The children aren’t supposed to speak Japanese in class, but they do. I’m supposed to discourage them but, out of laziness and selfishness, I don’t. Lazy, because when they speak Japanese to each other I can tell if they understand the day’s lesson and selfish because I’ve learned more than a few good turns of phrase from my cheeky little monkeys. In the past year and a half, they’ve exposed me to slang, insults, plain verb forms and Kansai dialect more times than they could possibly guess. Some of the slower ones still haven’t figured out that I can understand them some of the time, so they’ve also exposed me to their feelings about English (boring and difficult), poop (AWESOME and ENDLESSLY FASCINATING!), and classroom procedures (annoying). Every once in a while, they also unwittingly let me in on their observations about me.
A brief catalog:
- I’m not funny
- I am funny
- I have gray hair
- I’m wearing a cute shirt/necklace/shade of lipstick
- I have a hole in my stocking
- I draw creepy stick figures
- I don’t understand Japanese
- I might understand Japanese
- My “E”‘s are strange; my “W”‘s look like butts
- I’m singing again
- I sing better than they do
- I need to hurry up
- I need to stop
- I already told them we have homework; why am I telling them a third time?

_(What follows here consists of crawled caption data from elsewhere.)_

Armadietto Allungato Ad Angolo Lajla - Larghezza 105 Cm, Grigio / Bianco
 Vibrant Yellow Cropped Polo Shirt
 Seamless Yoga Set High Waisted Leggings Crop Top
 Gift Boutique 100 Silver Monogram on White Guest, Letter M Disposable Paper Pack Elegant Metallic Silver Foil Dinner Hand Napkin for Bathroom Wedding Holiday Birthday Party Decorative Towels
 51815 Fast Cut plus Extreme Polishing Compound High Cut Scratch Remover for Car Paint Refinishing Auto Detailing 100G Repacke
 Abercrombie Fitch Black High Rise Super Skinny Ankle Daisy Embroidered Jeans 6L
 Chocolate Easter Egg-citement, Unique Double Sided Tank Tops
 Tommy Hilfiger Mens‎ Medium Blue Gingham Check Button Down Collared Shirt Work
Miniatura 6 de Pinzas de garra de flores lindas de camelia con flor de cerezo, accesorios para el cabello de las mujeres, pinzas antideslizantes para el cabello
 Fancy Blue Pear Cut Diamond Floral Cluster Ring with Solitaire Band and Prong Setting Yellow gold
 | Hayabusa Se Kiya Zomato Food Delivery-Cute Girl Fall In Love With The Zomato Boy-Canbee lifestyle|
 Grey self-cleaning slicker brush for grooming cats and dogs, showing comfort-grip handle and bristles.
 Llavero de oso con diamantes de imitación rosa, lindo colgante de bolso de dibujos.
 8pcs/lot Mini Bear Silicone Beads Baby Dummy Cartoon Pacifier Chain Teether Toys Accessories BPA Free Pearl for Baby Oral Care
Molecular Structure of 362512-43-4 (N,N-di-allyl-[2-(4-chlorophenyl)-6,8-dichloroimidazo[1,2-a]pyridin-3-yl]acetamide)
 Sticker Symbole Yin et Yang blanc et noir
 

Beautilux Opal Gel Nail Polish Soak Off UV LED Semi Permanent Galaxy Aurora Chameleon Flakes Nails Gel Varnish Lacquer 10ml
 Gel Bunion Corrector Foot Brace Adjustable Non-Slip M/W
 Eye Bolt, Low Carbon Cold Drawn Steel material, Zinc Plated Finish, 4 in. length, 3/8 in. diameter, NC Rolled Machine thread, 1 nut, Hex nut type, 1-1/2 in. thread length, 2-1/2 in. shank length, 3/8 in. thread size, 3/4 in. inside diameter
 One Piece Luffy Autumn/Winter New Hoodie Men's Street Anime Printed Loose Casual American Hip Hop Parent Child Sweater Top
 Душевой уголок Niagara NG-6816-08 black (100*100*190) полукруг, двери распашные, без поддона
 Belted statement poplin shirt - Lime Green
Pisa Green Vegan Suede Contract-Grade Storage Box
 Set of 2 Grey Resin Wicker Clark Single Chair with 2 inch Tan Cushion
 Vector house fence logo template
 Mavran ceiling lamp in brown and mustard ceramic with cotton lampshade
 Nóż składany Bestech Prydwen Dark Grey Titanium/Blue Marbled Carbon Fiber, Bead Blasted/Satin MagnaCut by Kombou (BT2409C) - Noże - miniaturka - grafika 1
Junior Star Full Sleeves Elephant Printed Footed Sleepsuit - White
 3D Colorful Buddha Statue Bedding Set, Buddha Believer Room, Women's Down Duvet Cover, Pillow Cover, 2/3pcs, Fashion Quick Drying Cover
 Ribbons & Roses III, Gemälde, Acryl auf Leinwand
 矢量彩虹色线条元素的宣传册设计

- I made a mistake and will hopefully do it again
They’re little; it hasn’t dawned on them yet that foreigners might be able to speak languages other than English. As such, I’m sure the temptation to speak freely is irresistible, something they could never do in regular school or in the presence of any other adult. That sense of freedom is something my friends and I struggle with as well. Of course many Japanese can’t speak English; it’s why the government gave us the Visa. Of course they won’t understand us; we’ve taught enough classes to know firsthand that the question “How’s everybody?” sends them into a state of deer-in-headlights shock. That girl is wearing a T-shirt that says “God Bress” – what can I say but “You’ve got to be kidding me”? Of course I could wait until we get off the train, but something about the great probability that she won’t understand has erased all sense of human decency from my mind. I have to comment. I have to say something! I don’t. That’s just one of the differences between me and an 8 year old. It’s a pity I won’t be there the day they realize I’ve been listening in the whole time.
As for the mothers, they think I have an adorable tiny head.